Case Report – Departing employees and the injunction standard

19 Aug

On July 3rd the Ontario Superior Court of Justice dismissed a motion for an interlocutory injunction in a departing employee case where the plaintiff claimed breach of fiduciary duty, breach of contract (notice of resignation and non-solicitation provisions) and breach of confidence.  The claim and motion were brought after a senior investment advisor and his two subordinates joined a competitor.The award is most notable for its clear statement on the standard to be applied on the first part of the RJR-MacDonald test.

I agree that where alleged breaches of restrictive covenants or fiduciary duty are asserted in an attempt to restrict a person’s ability to engage in their chosen vocation the higher standard strong prima facie case should be applied.  Where the allegation relates to breach of common law duties regarding use of confidential information to compete, the test is serious issue because it involves protection of employer’s rights as opposed to restraint of trade.

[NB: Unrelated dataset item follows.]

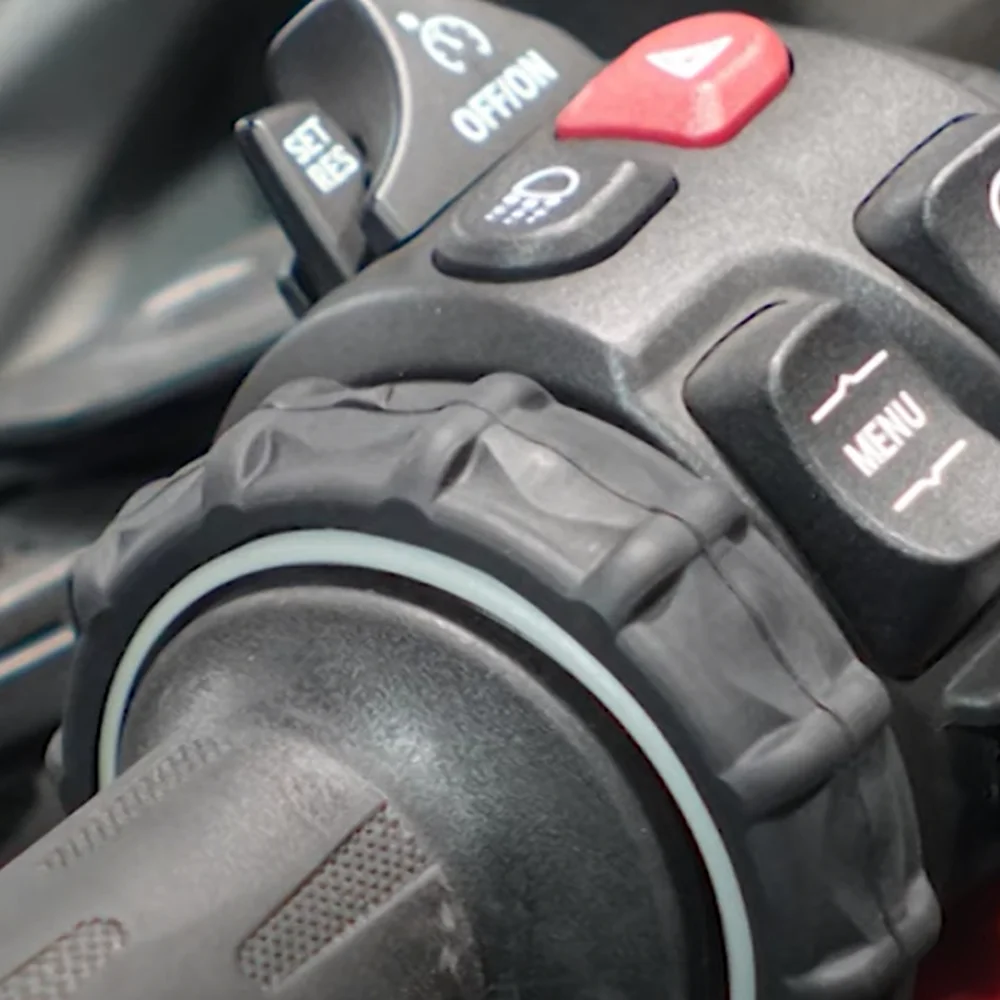 Motorcycle Multi controller Wonder Wheel Replacement motorcycle accessories For BMW F900R F900XR R1200GS R1200R R1200RT R1250GS R1250R S1000RR S1000XR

The Court held that the plaintiff did not establish the strong prima facie case necessary to support an injunction restraining further solicitation of its clients.  Although the Court held that the plaintiff did establish a serious issue to be tried in its request for an injunction to restrain further use of its confidential information (client lists), the Court held that the plaintiff did not establish irreparable harm and did not establish that the balance of convenience favoured an injunction.  In addressing the balance of convenience, the Court stated, “I think it is also important to consider in this discussion the interests of clients about who the fight is really all about and who are entitled to have access to the investment adviser of their choice.”

BMO Nesbitt Burns Inc. v. Ord, 2007 CanLII 2463 (Ont. S.C.J.).